Pada kesempatan ini saya hendak menjelaskan bahwa pernikahan sesama jenis berlawanan dengan esensi dan tujuan pernikahan yang dirancang Allah. Satu dari lima esensi pernikahan kristen adalah bahwa pernikahan merupakan hubungan yang eksklusif antara seorang pria dan seorang wanita (Matius 19:5,6) dengan demikian pernikahan Kristen yang Alkitabiah adalah antara seorang pria biologis dengan seorang wanita biologis. 

Karena itu pernikahan dengan sesama jenis (homoseksual) atau pun pernikahan dengan hewan bukanlah pernikahan, melainkan penyimpangan dari ketetapan Tuhan. Demikian juga satu dari lima tujuan pernikahan Kristen adalah kesatuan untuk mendapatkan keturunan (prokreasi). Pernikahan sesama jenis tidak mungkin bisa menghasilkan keturunan. Dan dalam pernikahan sesama jenis yang didapatkan hanya semata-maka kesenangan dalam hawa nafsu yang merusak dan menghancurkan kehidupan.

PERNIKAHAN MERUPAKAN HUBUNGAN YANG EKSKLUSIF ANTARA SEORANG PRIA DAN SEORANG WANITA (MATIUS 19:5,6)

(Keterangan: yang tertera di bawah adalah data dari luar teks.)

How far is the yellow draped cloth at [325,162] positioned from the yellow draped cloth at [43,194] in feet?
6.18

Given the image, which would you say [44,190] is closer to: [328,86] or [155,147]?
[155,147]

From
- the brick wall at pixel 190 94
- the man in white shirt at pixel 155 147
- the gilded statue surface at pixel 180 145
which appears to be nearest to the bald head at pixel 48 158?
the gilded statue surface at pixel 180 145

Di dalam rancangan Allah sejak semula, pernikahan adalah antara satu orang pria dengan satu orang wanita yang menjadi satu. Sejak semula Allah hanya menciptakan dua gender manusia, yaitu laki-laki dan perempuan, yang walaupun berbeda dalam identitas (khas seksualitas, psikologis dan fisiologis), tetapi sama dalam status (derajat, harkat dan martabat). 

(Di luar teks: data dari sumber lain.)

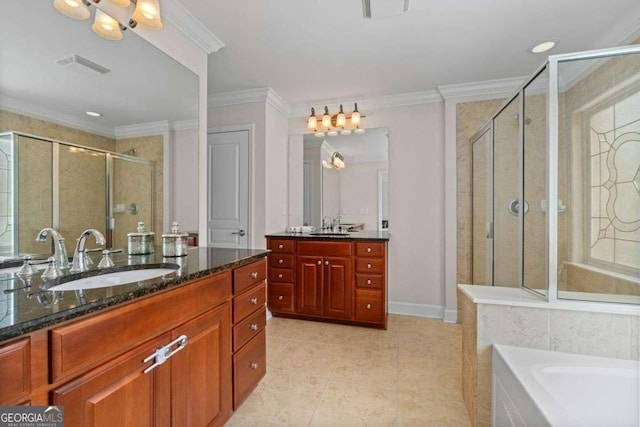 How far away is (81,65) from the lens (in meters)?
1.33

Dalam Kejadian 1:27 dikatakan “Maka Allah menciptakan manusia itu menurut gambarNya, menurut gambar Allah diciptakan-Nya dia; laki-laki (ish) dan perempuan (ishsha) diciptakan-Nya mereka”. Kristus menegaskan kembali hal ini dalam Matius 19:4, dikatakan, “Jawab Yesus: ‘Tidakkah kamu baca, bahwa Ia yang menciptakan manusia (antrophos) sejak semula (ap’arches) menjadikan mereka laki-laki (aner) dan perempuan (gyne)?” 

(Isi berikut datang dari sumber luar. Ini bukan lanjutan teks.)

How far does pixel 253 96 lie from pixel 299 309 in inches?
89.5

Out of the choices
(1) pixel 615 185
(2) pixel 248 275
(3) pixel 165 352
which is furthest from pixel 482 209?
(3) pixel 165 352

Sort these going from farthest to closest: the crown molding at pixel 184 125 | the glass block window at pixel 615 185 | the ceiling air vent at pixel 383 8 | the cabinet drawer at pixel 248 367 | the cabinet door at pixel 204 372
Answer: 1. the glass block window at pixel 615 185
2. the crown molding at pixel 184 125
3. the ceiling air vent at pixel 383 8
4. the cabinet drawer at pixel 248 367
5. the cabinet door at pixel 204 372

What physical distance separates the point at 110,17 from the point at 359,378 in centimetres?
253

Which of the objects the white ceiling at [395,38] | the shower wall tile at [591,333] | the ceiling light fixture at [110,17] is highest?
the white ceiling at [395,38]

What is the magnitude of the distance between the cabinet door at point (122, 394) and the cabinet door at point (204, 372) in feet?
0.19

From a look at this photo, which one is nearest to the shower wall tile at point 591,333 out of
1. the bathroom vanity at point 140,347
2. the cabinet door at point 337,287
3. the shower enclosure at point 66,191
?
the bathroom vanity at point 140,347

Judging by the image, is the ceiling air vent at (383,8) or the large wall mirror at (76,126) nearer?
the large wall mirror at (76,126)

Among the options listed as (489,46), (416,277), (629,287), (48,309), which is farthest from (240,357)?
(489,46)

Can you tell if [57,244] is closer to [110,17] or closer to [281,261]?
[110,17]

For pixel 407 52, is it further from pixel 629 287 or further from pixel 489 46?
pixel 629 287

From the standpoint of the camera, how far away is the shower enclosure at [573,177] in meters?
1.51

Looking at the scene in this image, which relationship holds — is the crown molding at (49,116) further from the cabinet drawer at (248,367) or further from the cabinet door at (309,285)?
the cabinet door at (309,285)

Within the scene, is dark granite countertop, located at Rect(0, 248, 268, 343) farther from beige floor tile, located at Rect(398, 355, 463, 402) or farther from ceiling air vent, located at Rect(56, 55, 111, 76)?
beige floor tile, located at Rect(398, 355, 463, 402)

Jadi meskipun pria dan wanita diciptakan dengan status yang setara (sama dalam derajat, harkat, dan martabat), tetapi mereka tidaklah sama dalam identitas. Artinya mereka benar-benar berbeda secara seksualitas, psikologis, maupun fisiologis. Kesetaraan (equality) tidak boleh dicampuradukkan dengan jati diri (identity). Setiap orang diciptakan dalam kesetaraan dan juga dengan jati diri masing-masing sebagai seorang pria atau sebagai seorang wanita. 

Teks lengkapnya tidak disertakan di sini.